The film's writer and director John Hughes read an excerpt of John A. Scott’s 1994 novel in the Australian literary periodical Scripsi, and wanting to commission it as his next project, contacted the author. The pair worked together to develop an “expanded treatment", with Scott also adapting his own novel into the screenplay.

==Reception==

===Awards and nominations===

| Year | Award | Category | Result | Ref. |
|---|---|---|---|---|
| 1996 | AWGIE Awards | Best Feature Film – Adaptation | Won |  |
| 1996 | Australian Film Institute Awards | Best Adapted Screenplay | Nominated |  |
| 1996 | Australian Film Institute Awards | Best Achievement in Cinematography (Dion Beebe) | Nominated |  |
| 1996 | Mystery Film Festival, Italy (Mystfest) | Best Film | Won |  |
| 1996 | Stockholm International Film Festival | Bronze Horse Award | Nominated |  |
| 1996 | Berlin International Film Festival | Golden Bear Award | Nominated |  |
| 1997 | Film Critics Circle of Australia Awards | Best Cinematography (Dion Beebe) | Won |  |
| 1997 | ARIA Music Awards of 1997 | Best Original Soundtrack, Cast or Show Album | Nominated |  |

The film screened at numerous festivals and was selected for competition at the 46th Berlin International Film Festival and the Stockholm International Film Festival in 1996.

===Reviews===
David Stratton of At the Movies reviewed the film for Variety, saying: "Coolly intelligent, elliptical and ultimately satisfying, What I Have Written probes into delicate questions of marital infidelity and sexual obsession with wit and unusual honesty. Consummately acted and produced on an amazingly tight budget, the film, if carefully handled, could catch on with a sophisticated audience internationally."

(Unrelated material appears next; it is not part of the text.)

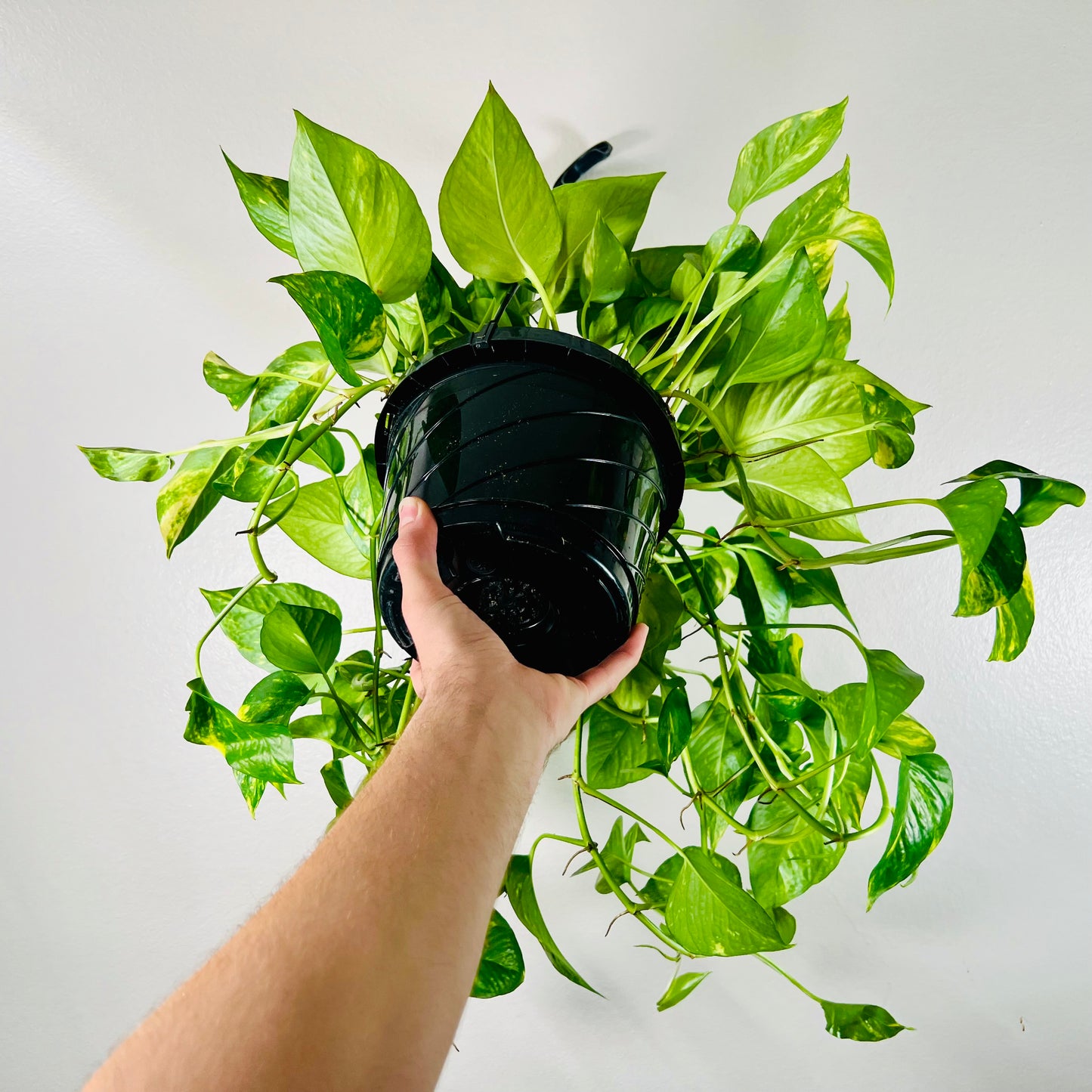 8” Golden Pothos Hanging Basket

Bernard Hemingway of Cinephilia.net.au wrote: "What I Have Written is an exceptional film in the annals of Australian cinema because of its "European" sensibility and analytical approach to the traditional narrative form of representation.”

Joshua Smith of OZ Cinema.com wrote: “John Hughes' first non-documentary feature is an intricate, mature, subversive mystery unlike anything seen before in Australian film. Its subjective, ambiguous nature and the multiple layers of reading make it a film that is challenging to even the most cinematically-literate audience.”